3. Status/Enum Columns Used in WHERE Clauses
-- ❌ Scanning millions of jobs to find the 100 that are 'pending'
SELECT * FROM jobs WHERE status = 'pending' ORDER BY created_at LIMIT 100
-- ✅ Partial index — only indexes rows where status = 'pending'
-- Much smaller than a full index, faster updates
CREATE INDEX ON jobs (created_at) WHERE status = 'pending';
4. Columns Used in ORDER BY
-- ❌ Sorting 5 million rows without an index — filesort in memory
SELECT * FROM articles ORDER BY published_at DESC LIMIT 20
-- ✅ Index the sort column
CREATE INDEX ON articles (published_at DESC);
-- Or with a filter:
CREATE INDEX ON articles (published_at DESC) WHERE published = true;
Multi-Column Indexes — Order Matters
-- Query: WHERE tenant_id = ? AND status = ? ORDER BY created_at DESC
-- ❌ Wrong index — can't use it for the full query
CREATE INDEX ON orders (created_at, tenant_id, status);
-- ✅ Right order: equality columns first, range/sort column last
CREATE INDEX ON orders (tenant_id, status, created_at DESC);
-- Rules: equality filters first, then range/ORDER BY columns
The "leftmost prefix" rule: a composite index (a, b, c) can be used for queries filtering on a, a + b, or a + b + c — but not b alone or c alone.

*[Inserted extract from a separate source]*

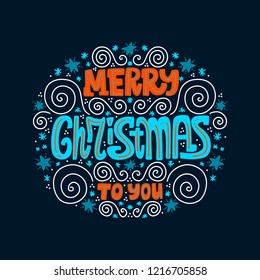 Handwritten style font, Christmas theme, text card, poster, t-shirt lettering print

Adding Indexes Without Downtime
In PostgreSQL, a regular CREATE INDEX locks the table for writes during the build. On a large table, this can take minutes:
-- ❌ Locks table for writes during index build (minutes on large table)
CREATE INDEX ON orders (user_id);
-- ✅ CONCURRENTLY — builds index without write lock
-- Slower, can't run in a transaction, but doesn't block
CREATE INDEX CONCURRENTLY ON orders (user_id);
// In migrations — always use CONCURRENTLY for large tables
// knex migration example:
exports.up = async (knex) => {
// Run concurrently to avoid locking production
await knex.raw('CREATE INDEX CONCURRENTLY IF NOT EXISTS orders_user_id_idx ON orders (user_id)')
}
Automatically Suggested Indexes
PostgreSQL can tell you what indexes it wishes existed:
-- After running a slow query, check pg_stat_user_tables
-- But better: ask the query planner directly
EXPLAIN (FORMAT JSON, BUFFERS)
SELECT * FROM orders WHERE user_id = '123' AND status = 'pending';
-- If you see "Seq Scan" with high cost, the planner is telling you
-- it would prefer an index here
-- Enable pg_stat_statements and look for high mean_exec_time:
SELECT query, mean_exec_time, calls
FROM pg_stat_statements
WHERE mean_exec_time > 100 -- queries averaging > 100ms
ORDER BY mean_exec_time DESC;
Index Bloat — When Indexes Grow Stale
-- Dead rows from UPDATE/DELETE accumulate in indexes
-- Check index bloat:
SELECT
tablename,
indexname,
pg_size_pretty(pg_relation_size(indexrelid)) AS index_size,
idx_scan
FROM pg_stat_user_indexes
ORDER BY pg_relation_size(indexrelid) DESC;
-- Rebuild bloated indexes (CONCURRENTLY to avoid locks):
REINDEX INDEX CONCURRENTLY orders_user_id_idx;
-- Or autovacuum handles this automatically if configured correctly
Missing Index Checklist
- ✅ Index every foreign key column
- ✅ Index columns used in
WHERE,ORDER BY,GROUP BYon large tables - ✅ Use partial indexes for low-cardinality status columns
- ✅ Use composite indexes with equality columns first, range/sort last
- ✅ Use
CREATE INDEX CONCURRENTLYin production migrations - ✅ Run
EXPLAIN ANALYZEon slow queries to confirm index usage - ✅ Check
pg_stat_user_tablesregularly for highseq_scancounts - ✅ Drop unused indexes (
idx_scan = 0) to reduce write overhead
Conclusion
Missing indexes are the most common cause of "it was fast in dev, slow in prod" — the data volume difference hides the problem. The fix is usually two SQL lines: find the missing index with EXPLAIN ANALYZE or pg_stat_user_tables, then CREATE INDEX CONCURRENTLY. The hardest part is knowing which columns to index: foreign keys always, timestamp columns used in range queries, status columns with partial indexes, and ORDER BY columns. Set up slow query logging and check pg_stat_statements weekly — you'll catch problems long before users do.